## TASK GOAL
Please keep the images out and set down the data exactly as given.

## MATERIAL PROVIDED
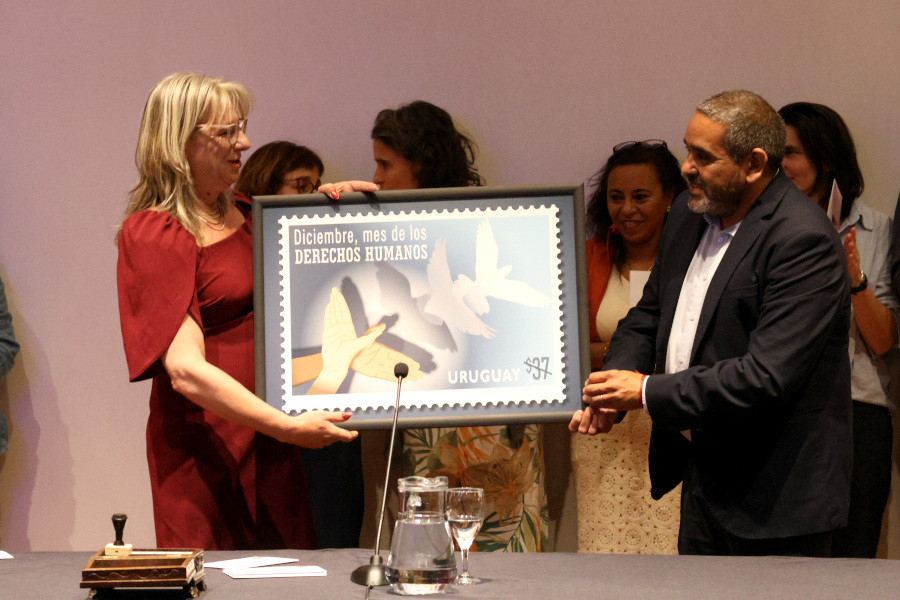 En un acto llevado a cabo en Torre Ejecutiva de Presidencia de la República, Correo Uruguayo realizó el lanzamiento del sello “Diciembre, mes de los derechos humanos”.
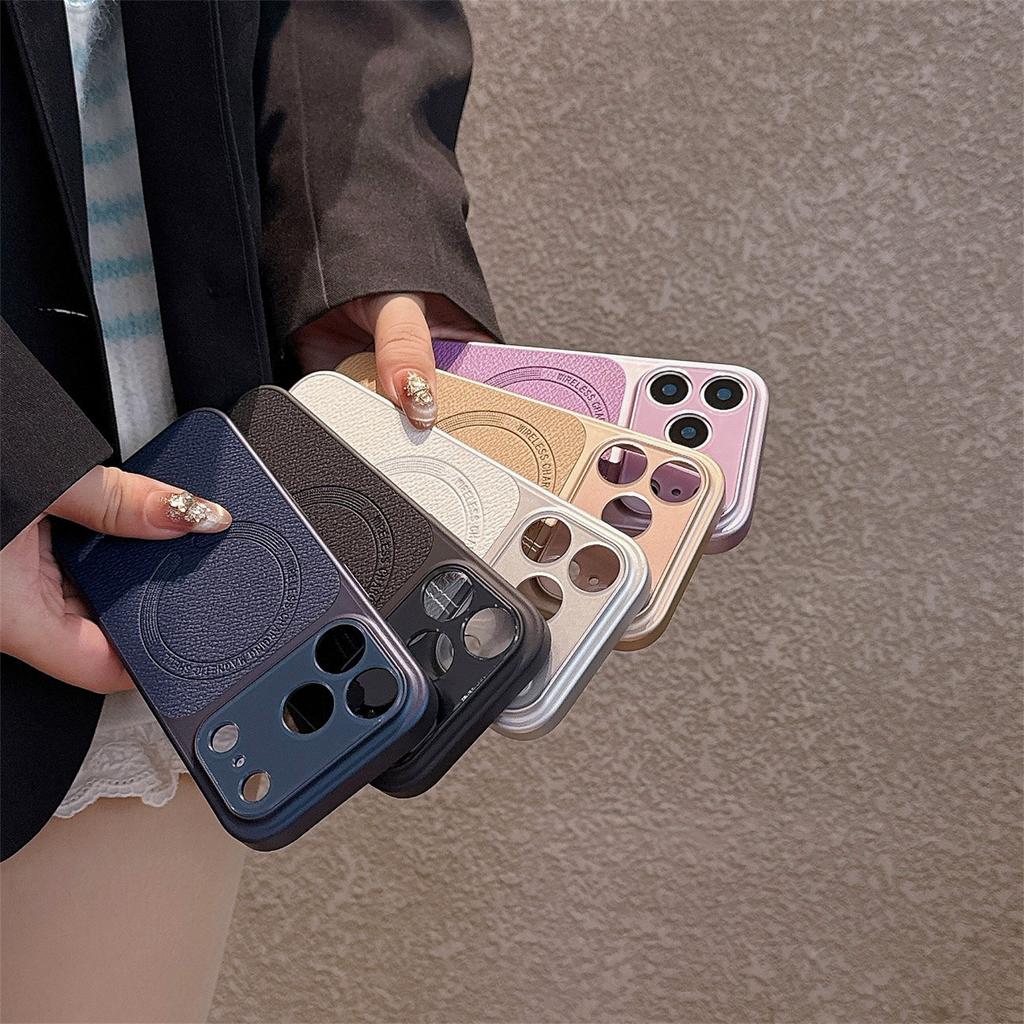 For iPhone 17 Pro Magnetic Back Cover Precise Cutouts Textured PU Leather Coated TPU + PC Protective Phone Case Compatible with MagSafe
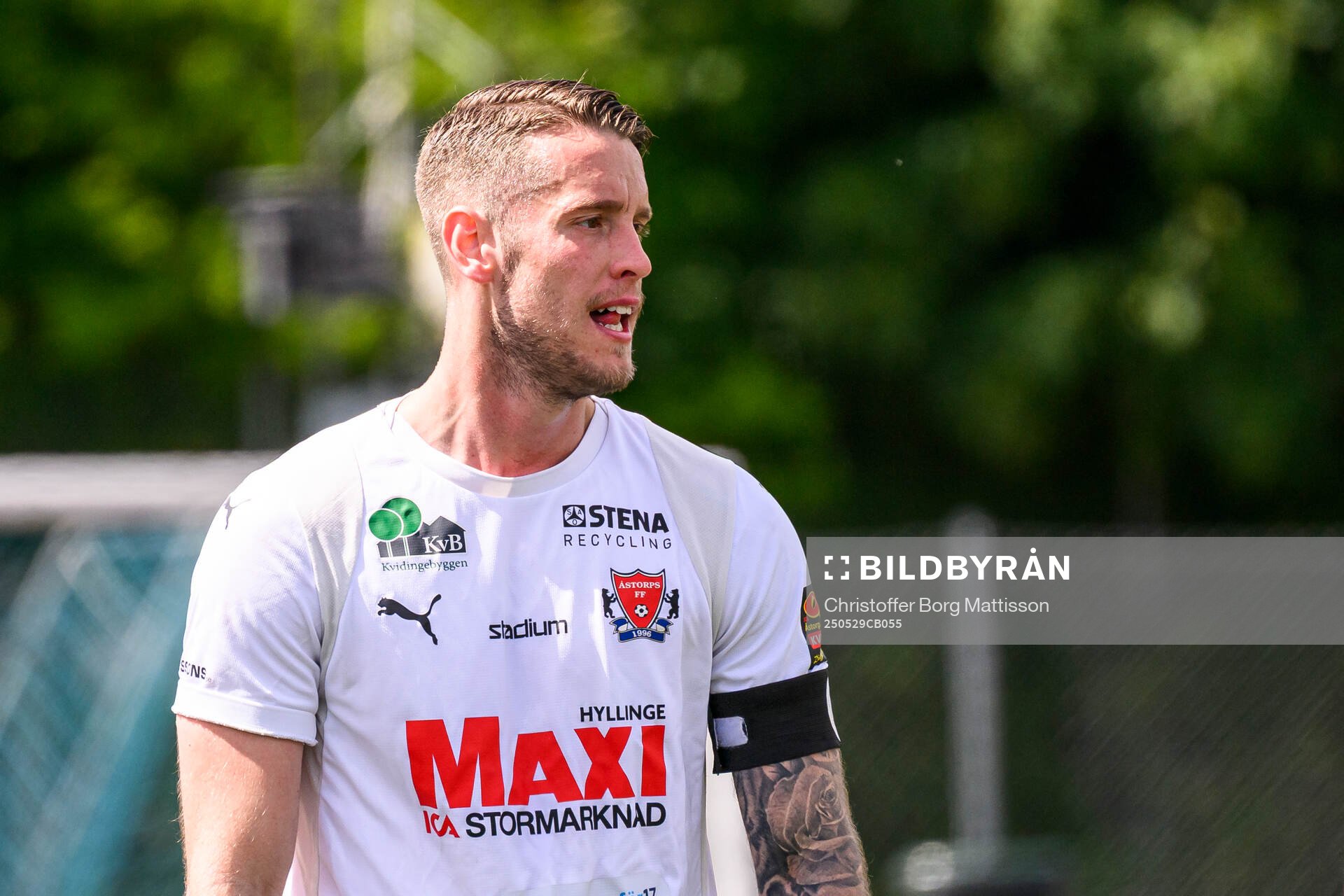 Åstorps Jonathan Roos under fotbollsmatchen i Division 2 Västra Götaland mellan Åstorps FF och Astrio BK den 29 maj 2025 i Åstorp. 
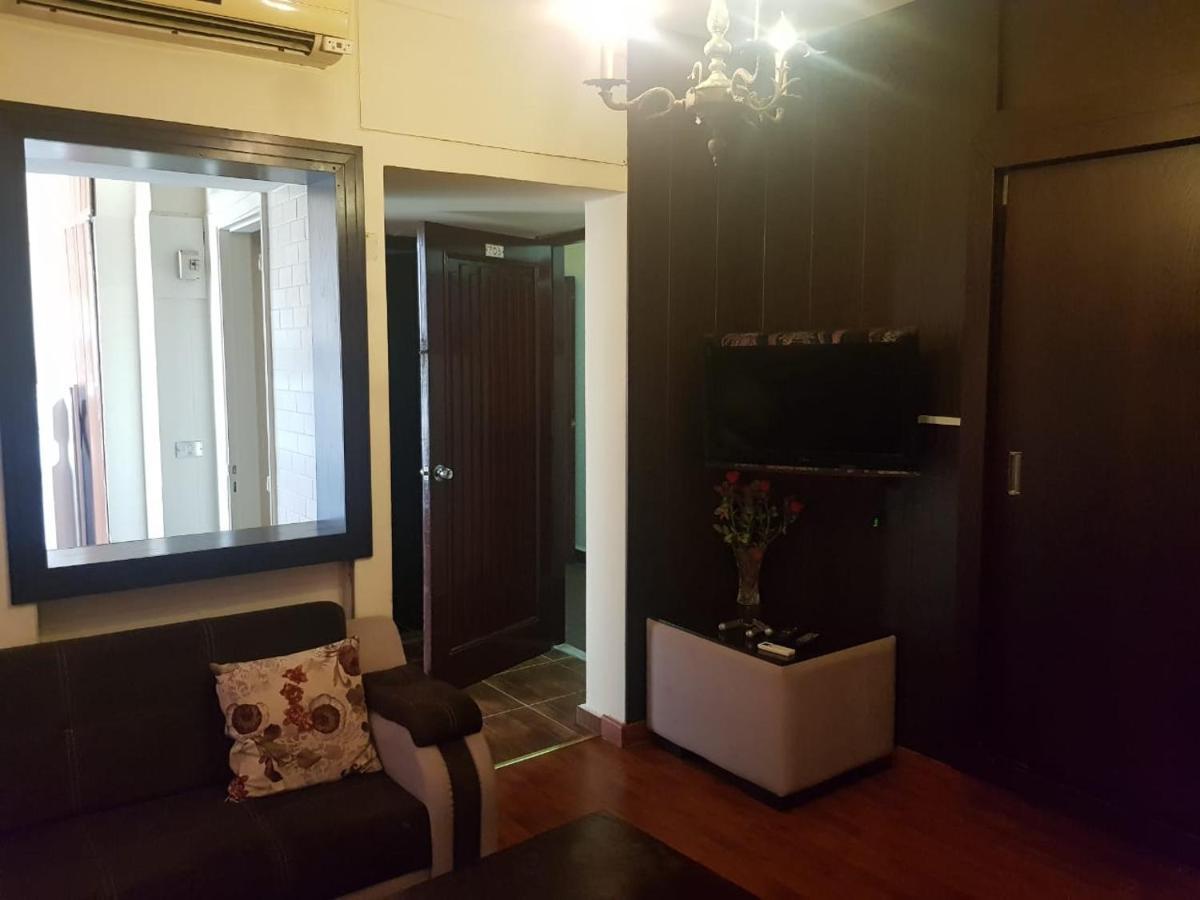 Aparthotel Universal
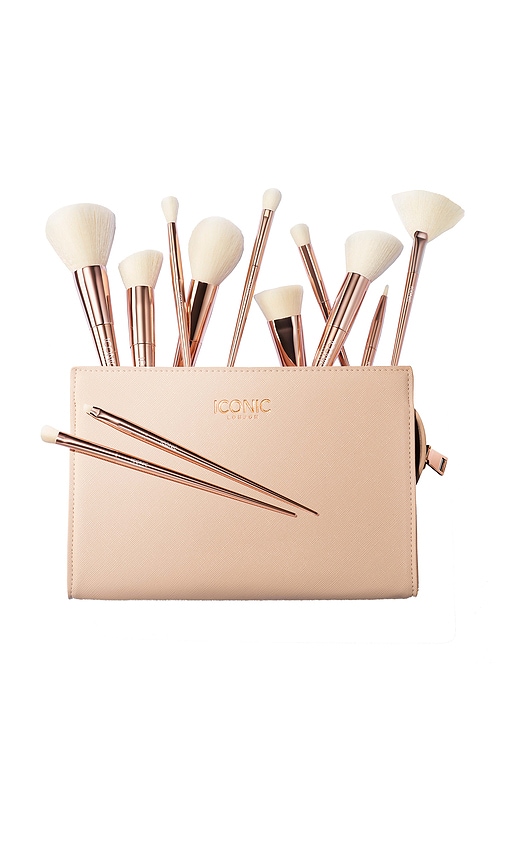 ICONIC LONDON LOT DE PINCEAUX MAQUILLAGE ULTIMATE BRUSH SET en Beauty NA 129 €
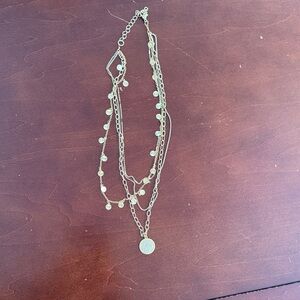 NWOT Elegant Gold Layered Necklace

## EXERCISE RESPONSE
 En un acto llevado a cabo en Torre Ejecutiva de Presidencia de la República, Correo Uruguayo realizó el lanzamiento del sello “Diciembre, mes de los derechos humanos”.
 For iPhone 17 Pro Magnetic Back Cover Precise Cutouts Textured PU Leather Coated TPU + PC Protective Phone Case Compatible with MagSafe
 Åstorps Jonathan Roos under fotbollsmatchen i Division 2 Västra Götaland mellan Åstorps FF och Astrio BK den 29 maj 2025 i Åstorp. 
 Aparthotel Universal
 ICONIC LONDON LOT DE PINCEAUX MAQUILLAGE ULTIMATE BRUSH SET en Beauty NA 129 €
 NWOT Elegant Gold Layered Necklace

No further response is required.